In Confusing Times, Clarifying ESG principles is Key for the Region’s Banking Sector
Global political and financial tensions have highlighted the importance of environmental, social, and governance (ESG) factors in investment and lending decisions. A recent study provides key conclusions on the early adoption of these factors by Latin America and the Caribbean’s banking sector.
ESG factors have long been considered as something desirable, although not urgent, but current global events have made it clear that we have entered a different phase. The issue of whether, for example, it is acceptable to invest in certain energy projects or the manufacture of weapons has given rise to heated discussion. Even Elon Musk, one of the world’s richest people, has waded into the debate.
As such, it is important to fully understand where we are in the region in terms of the adoption of ESG factors, the level of acceptance among financial institutions, how these factors are understood in a general sense, and how they are applied specifically.
Banks are especially important stakeholders in this issue for several reasons. Firstly, their role as intermediaries between investors and savers makes them relevant players in channeling funds toward activities that have social and environmental impacts. On the other hand, the banking sector faces risks due to climate change, including transitions associated with shifts in environmental policy, reputational impacts, technological innovations, and changes in market preferences and social norms.
This article summarizes the main results of the sustainability survey that we have conducted, first with (public and private) Uruguayan banks. The sample included the country’s main public bank and six private banks, which together represent the majority of Uruguay’s financial system (more than 90% of deposits).
It is important to keep in mind that IDB Invest has already conducted this survey three times in Argentina and will implement it in other countries in the region, which will enable us to compare results, and that Uruguay is at an earlier stage in the development of sustainable finance than its peers in the Southern Cone (Argentina, Paraguay, and even Brazil).
Uruguayan banks have made significant progress in their awareness of this issue and the Equator Principles (86%), the ESG benchmark for the region’s financial institutions. However, only 29% of institutions have already adopted these principles, above the 10% reported by Argentine banks the first time we conducted the survey, and greater understanding is necessary for their adoption.
As in other countries in the region, one interesting conclusion has emerged regarding the application of sustainability criteria by banks: 57% of respondents agree that some minimum criteria should be mandatory, while 29% said that sustainability policies should be advocated and promoted by the regulator, but not imposed compulsorily.
Similarly, indicative of their interest, the majority of Uruguayan banks (71%) has already formed a team to oversee ESG issues. However, these teams are multi-disciplinary with little specific ESG experience. Banks in the country have started to apply exclusion lists, but with little homogeneity, and the use of ESG risk management systems is not widespread.
With regard to the inclusion of ESG aspects in operational analysis, Uruguayan banks are currently behind their regional peers. 57% of respondents said that they are currently evaluating ESG criteria or have taken them into account in some of their operations. However, 71% of respondents do not define ESG criteria upon granting loans, and only 43% have fully adopted a written environmental and social risk analysis policy.

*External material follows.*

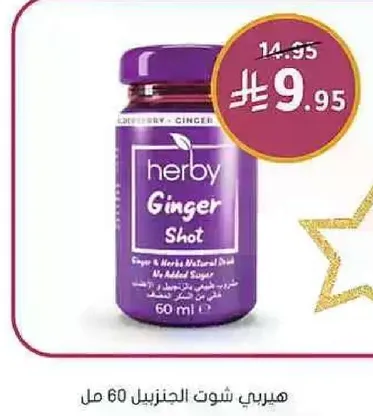 Herby Ginger Shot 60 ml - Grape & Herbs Natural Drink No Added Sugar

In view of the above, we can conclude that Uruguayan banks have made significant progress on ESG risk management in their internal operations, with sustainable supply chain management standing out in some cases. However, this progress is not reflected in their loan portfolio management, which represents both a major opportunity and a necessity for banks to support the financing needs of this decade. Are we on the right track? Yes, of course.
Even though 57% of banks said that they publish sustainability reports, none of these reports include a taxonomy of their loan portfolio or a classification of the various commercial products offered (green, social, or sustainable) with their corresponding ESG risk management or contribution to Sustainable Development Goals (SDGs). Not all banks keep a record of loans granted that are related to ESG issues, and a clear taxonomy of the loan portfolio has only been detected in a single case.
We can conclude that joining forces and standardizing criteria are the most urgent steps for the development of sustainable finance in Uruguay. Public investment alone cannot achieve these goals. For that reason, promoting a sustainable finance roadmap is key, and now is a great moment for the country to do this.
The recently launched Public-Private Sustainable Finance Roundtable, which brings together public and private-sectors players, will contribute to this goal by galvanizing the industry as a whole to take action on ESG issues. Along the same lines, the country’s efforts to develop a sovereign SLB complement and strengthen the mainstreaming of climate policy, as well as sending a signal to all financial institutions. There is even support from academia, with the University of the Republic’s Faculty of Economics and Administration incorporating a Sustainable Finance Unit in its Master of Finance program.